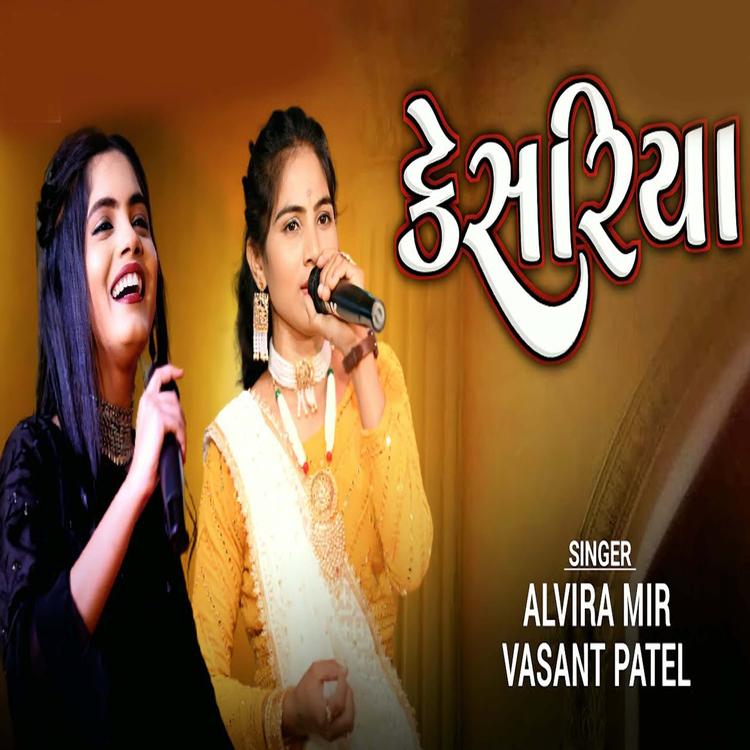 Alvira Mir,Vasant Patel's avatar image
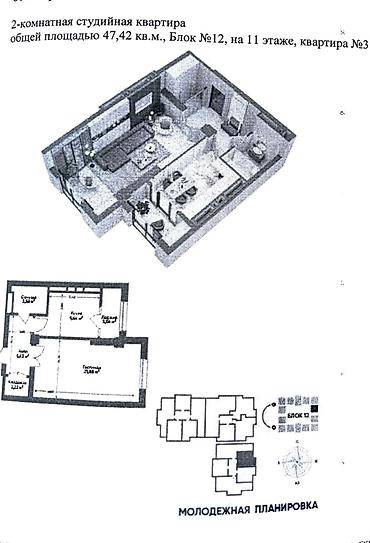 1 комната, 47 м², ул. Горького / Алматинка Элитка, 11 этаж, ПСО (под самоотделку)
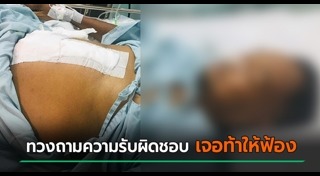 ผ่าตัด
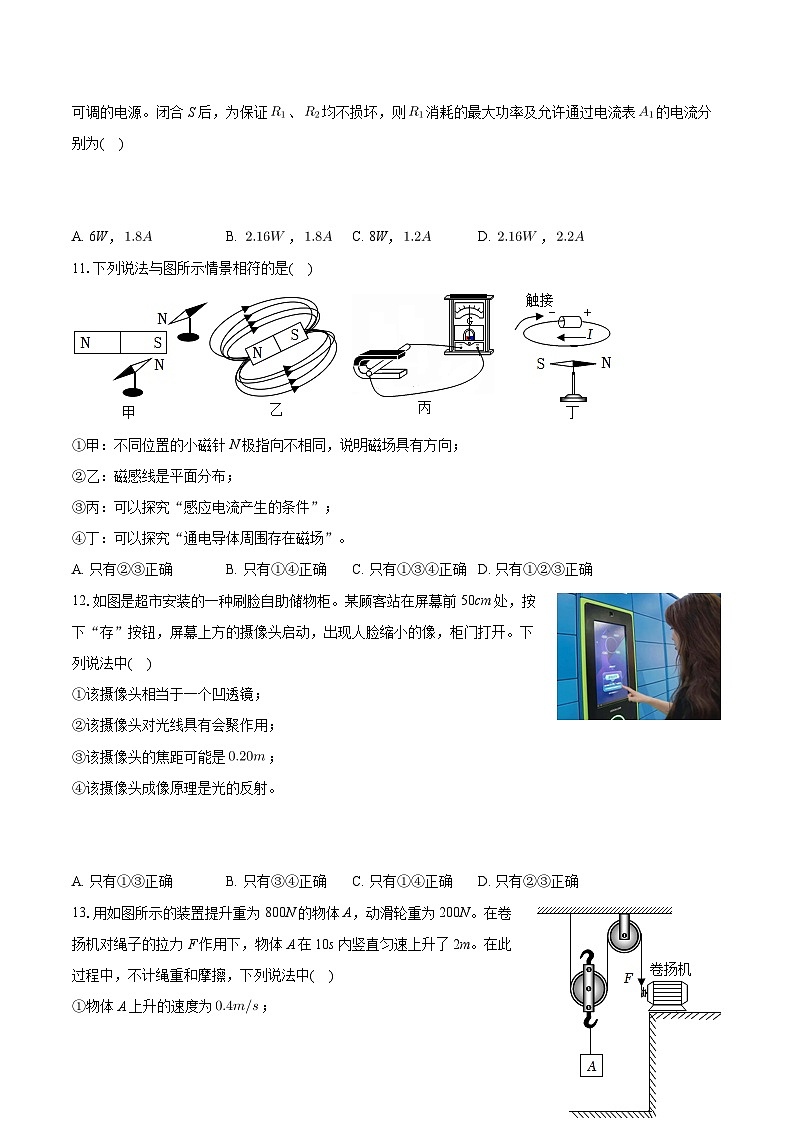 2024年山东省泰安市东平县中考物理模拟试卷（一）03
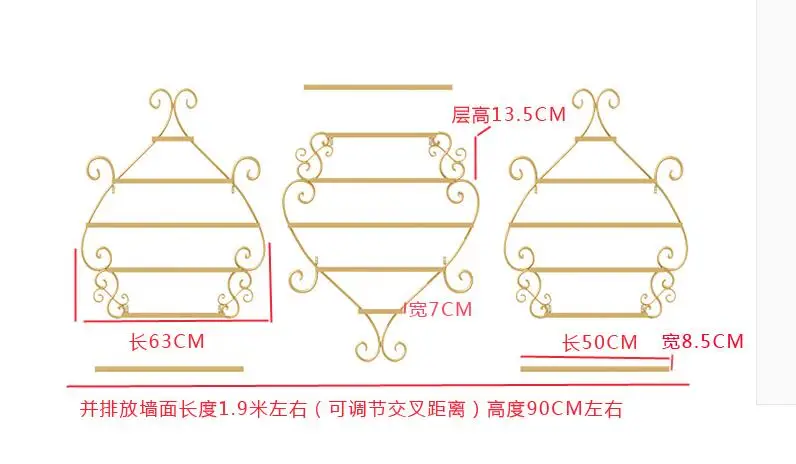 QQ截图20190917210338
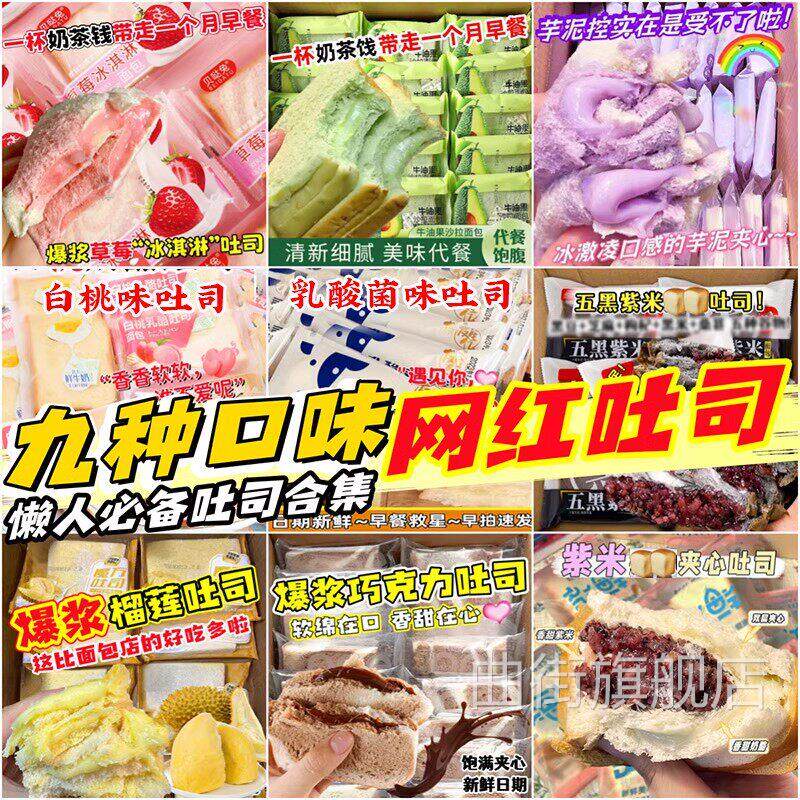 【九款任选】新鲜芋泥草莓牛油果巧克力爆浆吐司宿舍耐吃早餐面包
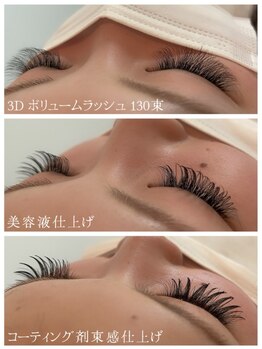 エンジェルリフレ/3Dボリュームラッシュ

* **Assignment**
Give every line above again exactly, omitting whatever pictures appear.

* **Answer for this exercise**
 Alvira Mir,Vasant Patel's avatar image
 1 комната, 47 м², ул. Горького / Алматинка Элитка, 11 этаж, ПСО (под самоотделку)
 ผ่าตัด
 2024年山东省泰安市东平县中考物理模拟试卷（一）03
 QQ截图20190917210338
 【九款任选】新鲜芋泥草莓牛油果巧克力爆浆吐司宿舍耐吃早餐面包
 エンジェルリフレ/3Dボリュームラッシュ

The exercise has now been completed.